I work about 30 or so hours a week. And work is 40 mins away. Luckily now dd is almost 11 months and she's usually pretty content to play on her own. Usually the only time I get cleaning done though is on my days off and sometimes at night after work when the kids are sleeping.
I'm so there with you, except DD is now 16 months! I work a few days a week so on Mondays and Wednesdays when I am home she just wants to nurse and cuddle all day, I get nothing done!! I live about 3 minutes from work, so I come home at lunch and do crazy cleaning.
Not being able to keep the house clean. Since baby always wanted to be held for about the first 2 months.
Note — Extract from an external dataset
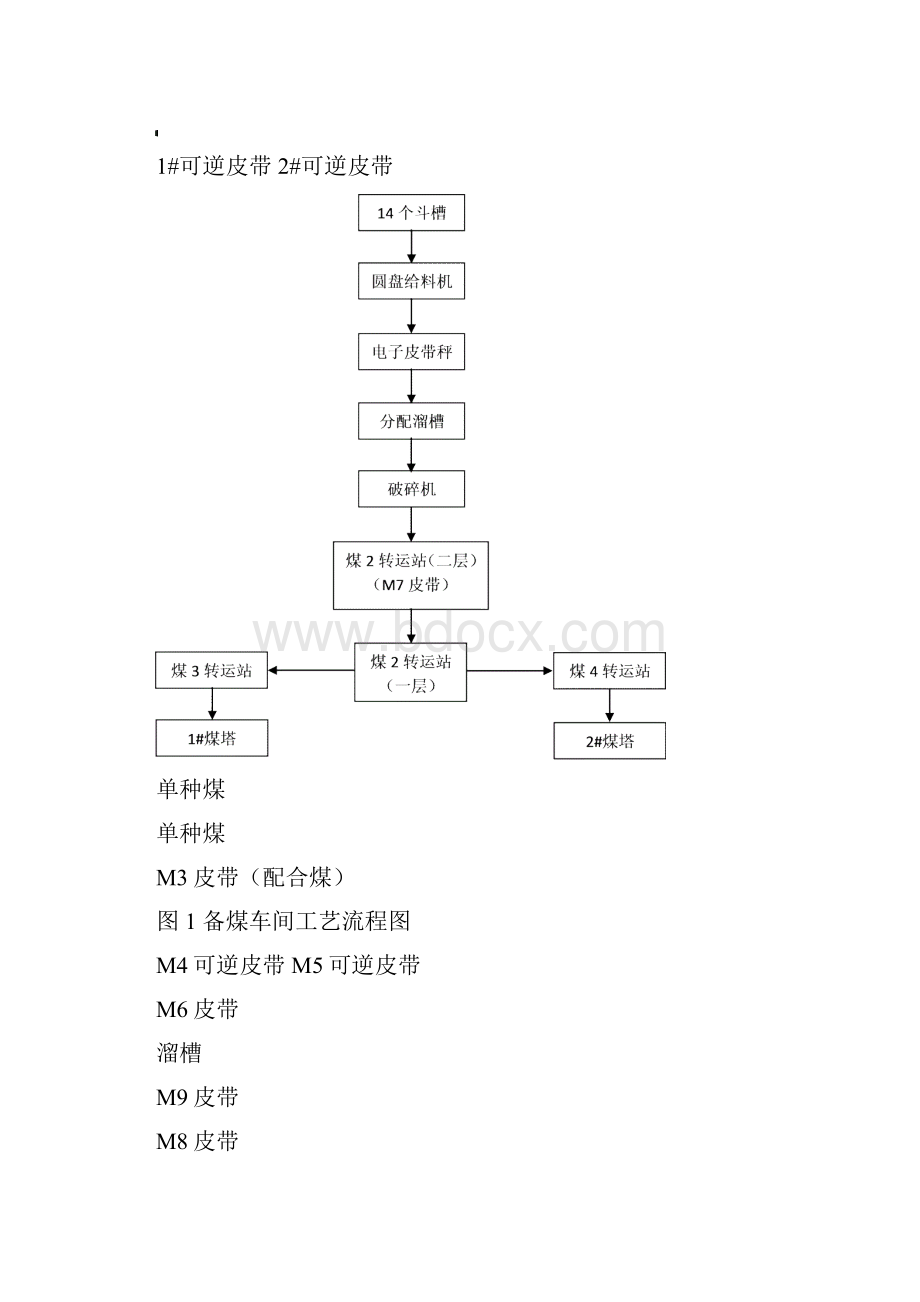 备煤车间岗位操作规程.docx_第3页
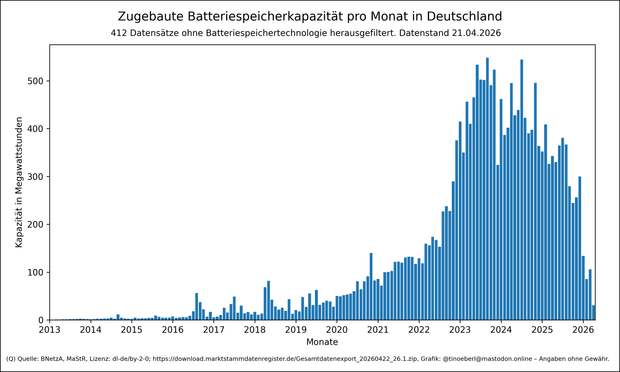 Zugebaute #Batteriespeicherkapazität pro Monat in #Deutschland mit Stand vom 21.04.2026. Ein Balkendiagramm zeigt die monatlich zugebaute Batteriespeicherkapazität in Deutschland von 2013 bis 2025. Die Kapazität, gemessen in Megawattstunden, steigt ab 2020 stark an und erreicht zwischen 2023 und 2024 Spitzenwerte von über 500.000 MWh pro Monat. 412 Datensätze ohne Batteriespeichertechnologie herausgefiltert.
With the first healing from the csection, it was painful to get up out of bed because of the incision pulling and it was hard to walk because my back and pelvis was all out of place but couldn't go to the chiropractor because of the csection needing to heal. With the second it was healing from the second degree tear (did a VBAC) I couldn't sit directly on anything and the stiches down below pulled. I'm also now struggling to loose extra baby weight this time (shes 7 months). I think when I have a 3rd as long as I get to do a vaginal birth again it will be easier this time, the second is supposed to be easier and I think I'll do better with the pushing (not pushing so very hard she's out in a few minutes) so that I don't tear so much or maybe not at all. The recovery from both types of births was painful but even though it hurt to sit with the vaginal, it was worse after the csection because I couldn't get up for about 24 hours due to the spinal anesthesia and it took a bit after that before I could take care of her properly, I hated not being able to get up and get her to feed her or change her, I had to have her brought to me. After the VBAC I was up almost immediatly (as soon as the epidural wore off) and could easily take care of her.
I feel really guilty about not be able to clean the apartment everyday. My 3 month old likes to be held companyconstantly, I can't get anything it does it seems. I am tired and just depressed. I don't feel good about how I look and that doesn't feel good. I'm also having trouble nursing, my milk supply is really low, I'm having to give him formula and I really don't want to. Any suggestions?